Ignatiy Vishnevetsky of The A.V. Club gave the film a C+, saying "Secret of the Tomb plays it as a source of corny jokes, pop-culture references, and father-son bonding moments. In other words, it’s exactly the kind of film that shouldn’t be expected to engage with its assorted bizarre subtexts — but what a movie it could be if it did."[56] Sara Stewart of the New York Post gave the film two out of four stars, saying "For piquing kids’ interest in history and nature, you could do worse than this goofy Ben Stiller franchise. But its third installment is more meh than manic, too reliant on wide shots of the ragtag Museum of Natural History cohorts striding down corridors.
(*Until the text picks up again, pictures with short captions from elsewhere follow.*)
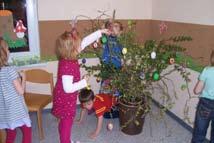 In all den vergangenen Jahren fand zur Weihnachtszeit ein Basteln mit den Eltern und Kindern statt.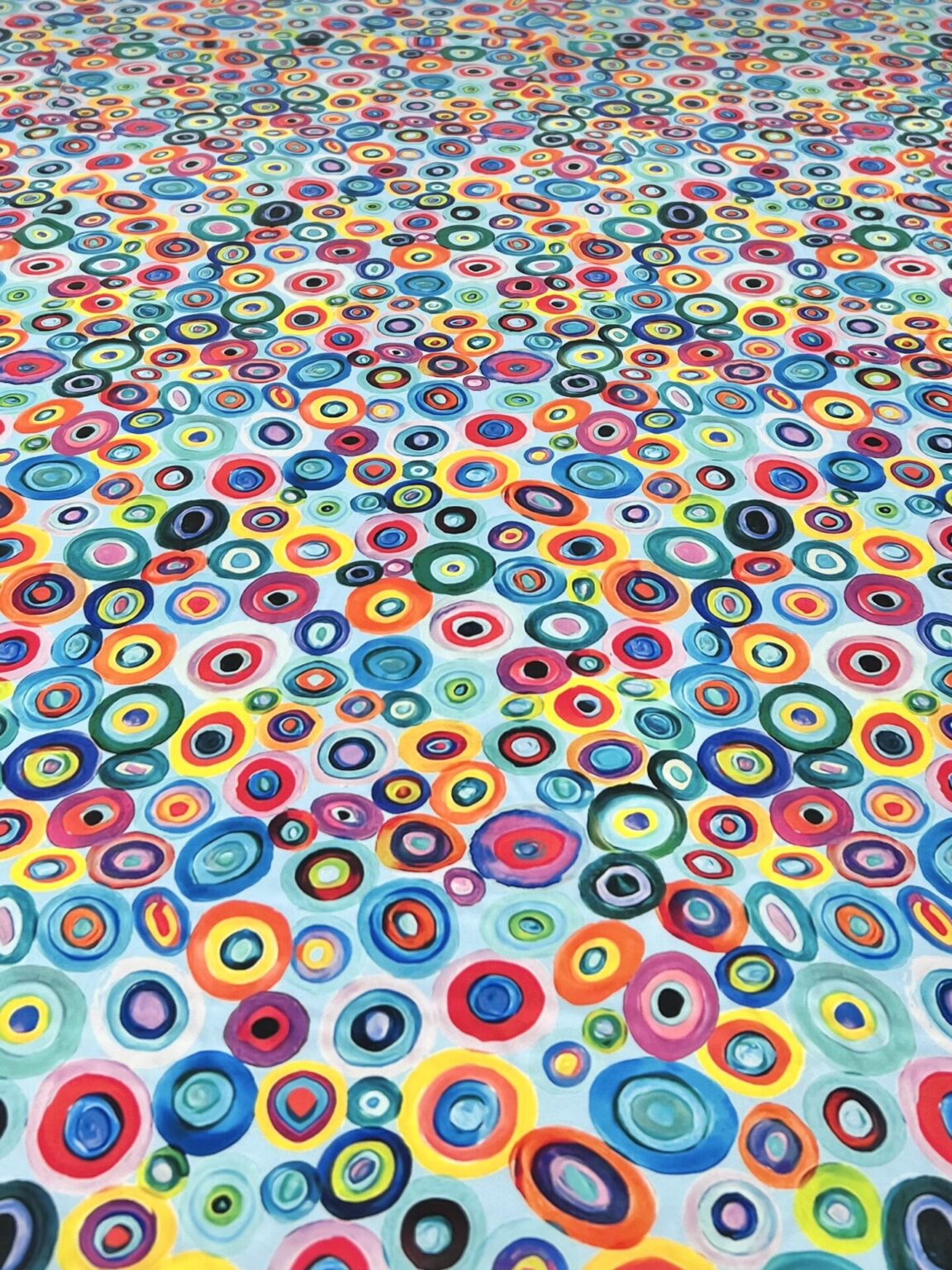 Armani zīds (satīns) „Pop Circles“
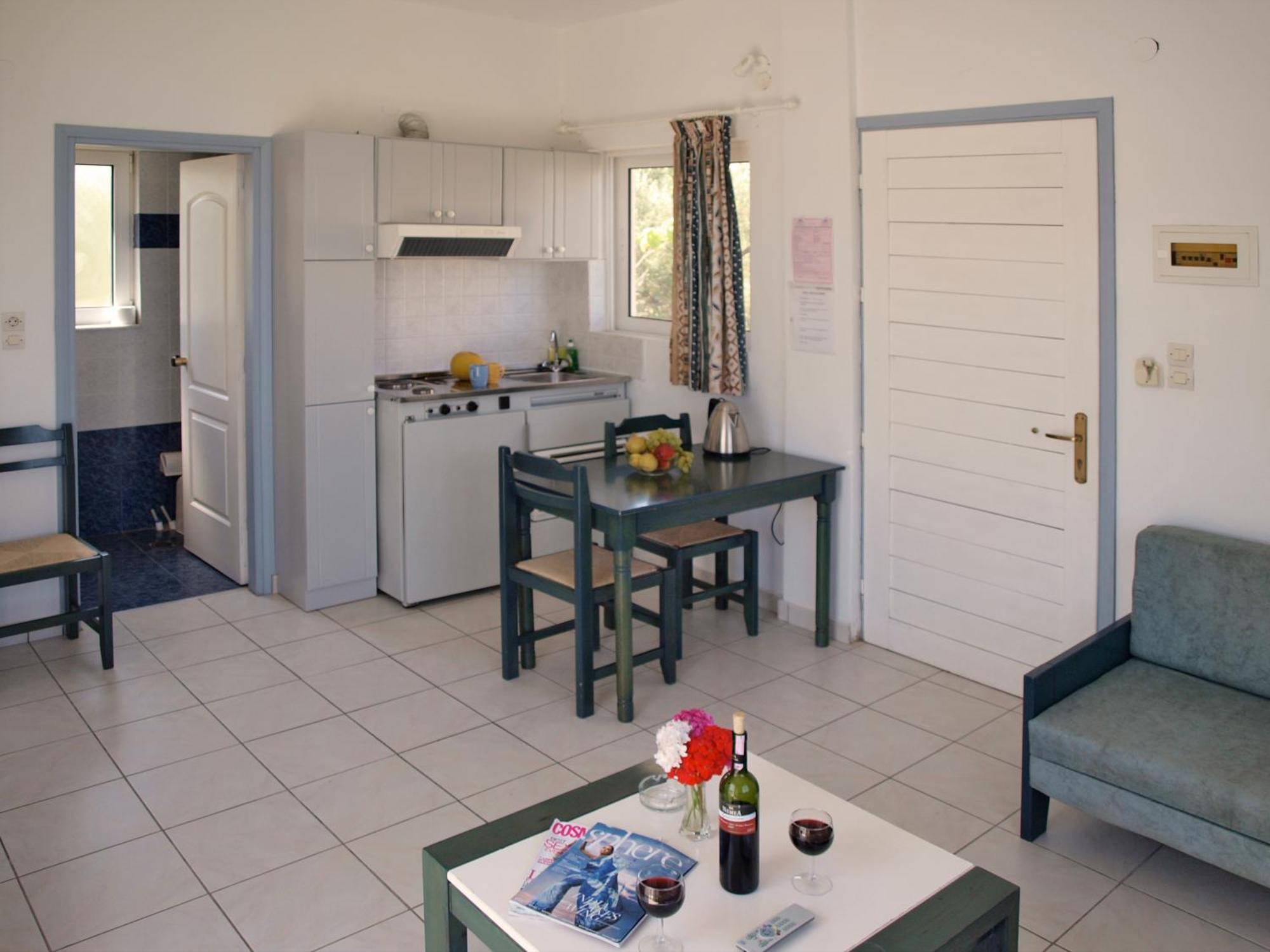 Artemis Apartments Kalyves Bagian luar foto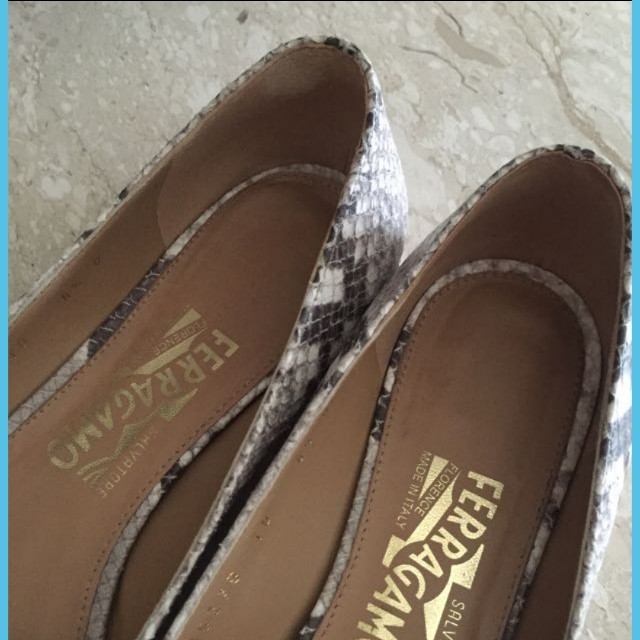 carousell_20180129_153513_1 - Copy - Copy - Copy.jpg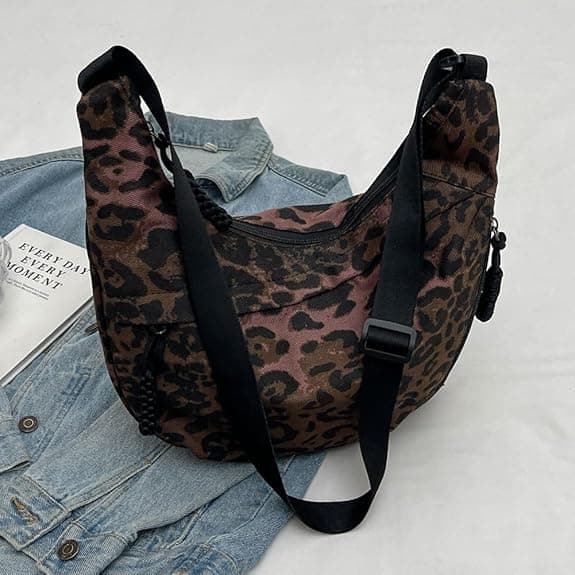 Leopardväska för kvinnor Halvmåne Crossbody-väskor Nylon Luna Måne Dumplingväska Leopardmönstrad Crossbody Hobo Plånbok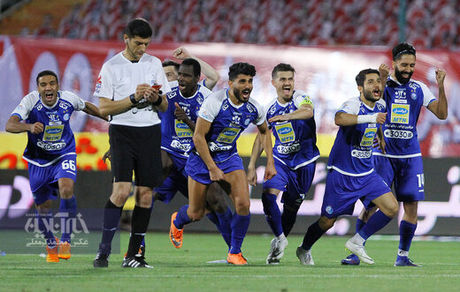 استقلال عدد 6 و 4 را پس گرفت/ عکس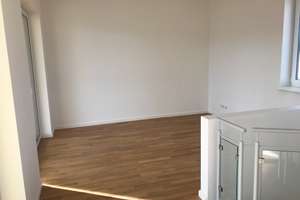 Maisonettewohnung im Zweitbezug mit zwei Balkonen und zwei Bädern! – Albert-Schmidt-Straße 10, 6110 Südliche Innenstadt, Halle (Saale) – Vorschaubild 18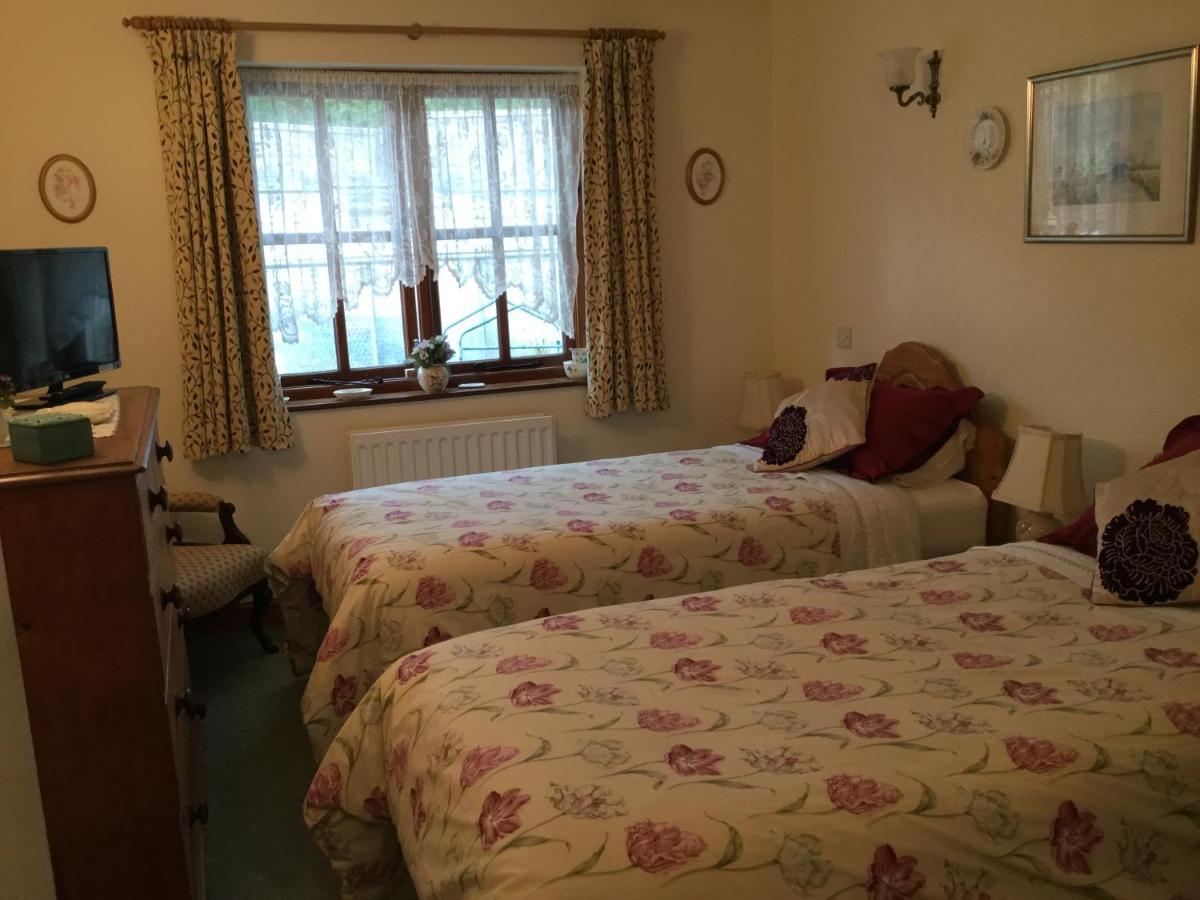 Li'Le Hullets, 3 Seed Howe Cottages Staveley  Bagian luar foto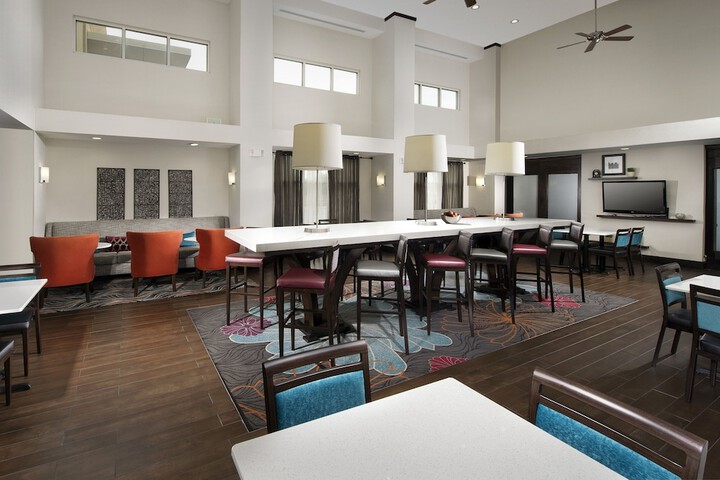 Hampton Inn & Suites Athens-I-65 (Huntsville Area)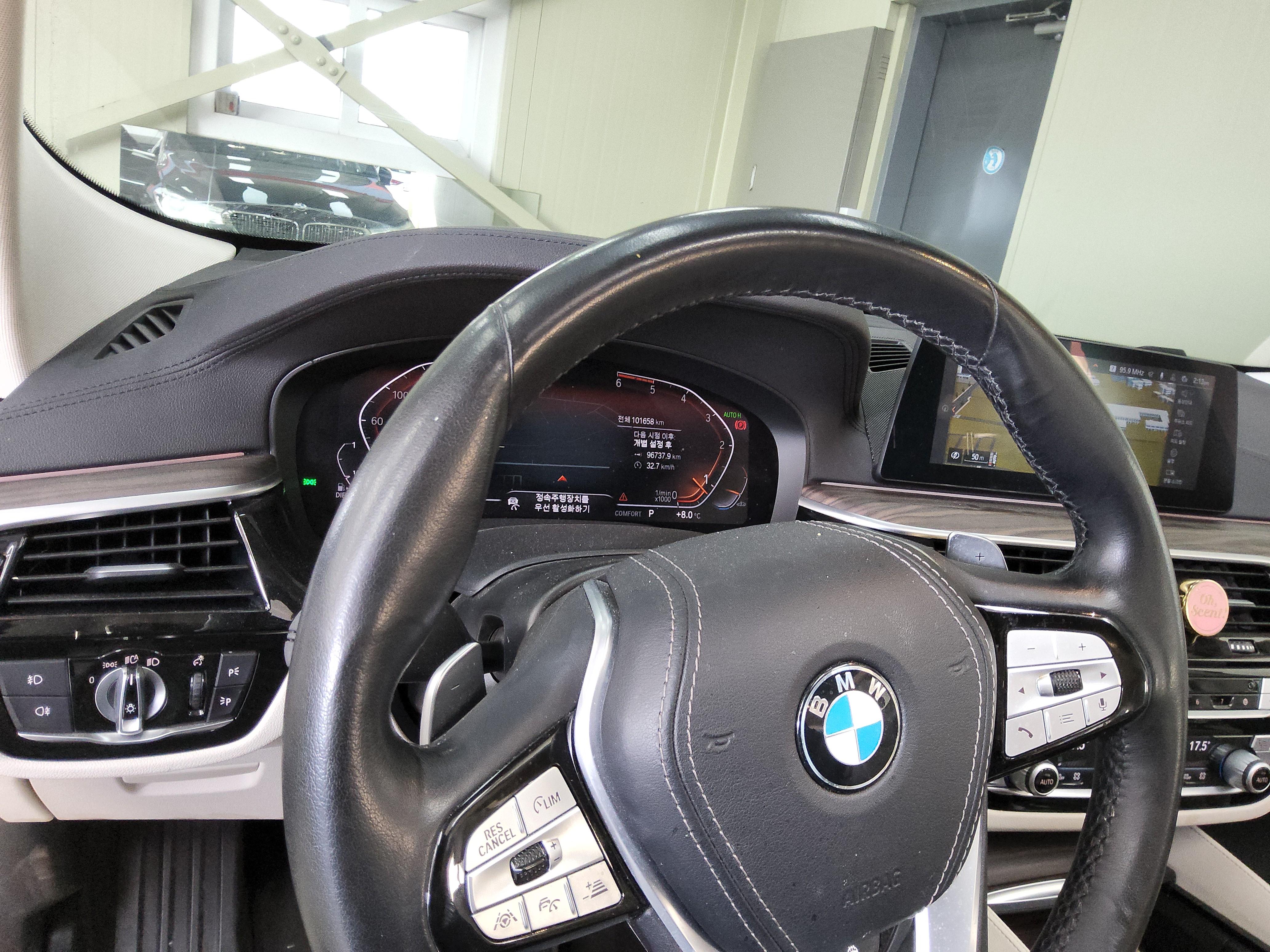 BMW 6 Series 2020 - Image 16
You get the feeling returning director Shawn Levy is ready to hang it up."[57] Richard Roeper of the Chicago Sun-Times gave the film one and a half stars out of five, saying "The dialogue is schmaltzy and often painfully unfunny. The special effects are often so 1980s-bad, one wonders if it was a deliberate choice, to make the creepy visuals of sculptures dancing and paintings moving less frightening to young viewers. Time and again, terrific actors sink in the equivalent of cinematic quicksand, helpless against the sucking sound of this movie."[58] Drew Hunt of Slant Magazine gave the film one out of four stars, saying "None of the entries in the Night at the Museum series could ever pass for high art, but a wealth of comedic talent gave the first two installments a madcap energy that somewhat forgave their childish premises. Night at the Museum: Secret of the Tomb, the third and supposedly final edition in the franchise, is nothing more than an uncomfortably transparent contractual obligation."[59]

Home media[edit]

Night at the Museum: Secret of the Tomb was released on Blu-ray and DVD on March 10, 2015.[60]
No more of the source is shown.